§ The problem:
Extract verbatim every line from the one containing "Assalamu alaikum, welcome" to the final line of the records below, inclusive, and exclude all pictures.

Dataset entries:
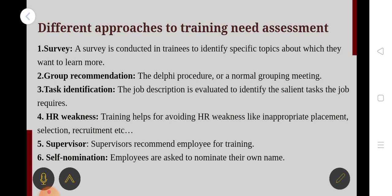Next is Group Recommendation — the Delphi Procedure or the Nominal Group Method. A group meeting is held where a team comes together to see what type of training is needed. In the HR department, all members come to identify what type of training is needed and what specific training is required for each group.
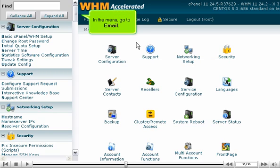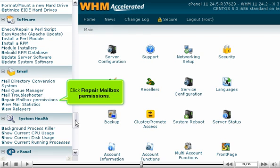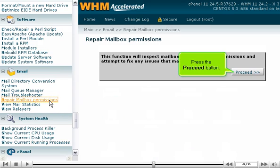In the menu, go to Email. Click Repair Mailbox Permissions. Press the Proceed button.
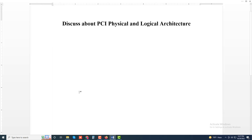Assalamu alaikum, welcome to my another new video. Today I'll discuss about PCI physical and logical architecture.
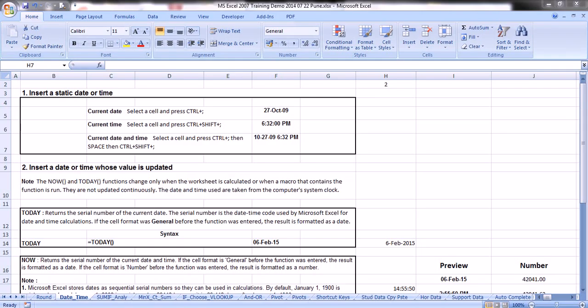Let's learn a few date and time functions. We will be learning the functions TODAY, NOW, MONTH, YEAR, and WEEKDAY.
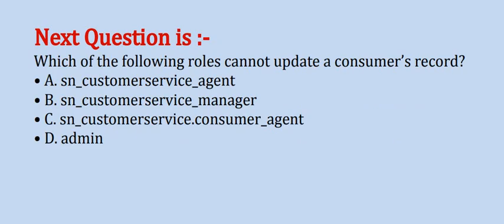Now the question is: which of the following roles cannot update a customer's record? Options are: A. sn_customerservice_agent, B. sn_customerservice_manager, C. sn_customerservice.consumer_agent, and D. admin.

§ Answer for this exercise:
Assalamu alaikum, welcome to my another new video. Today I'll discuss about PCI physical and logical architecture.
Let's learn a few date and time functions. We will be learning the functions TODAY, NOW, MONTH, YEAR, and WEEKDAY.
Now the question is: which of the following roles cannot update a customer's record? Options are: A. sn_customerservice_agent, B. sn_customerservice_manager, C. sn_customerservice.consumer_agent, and D. admin.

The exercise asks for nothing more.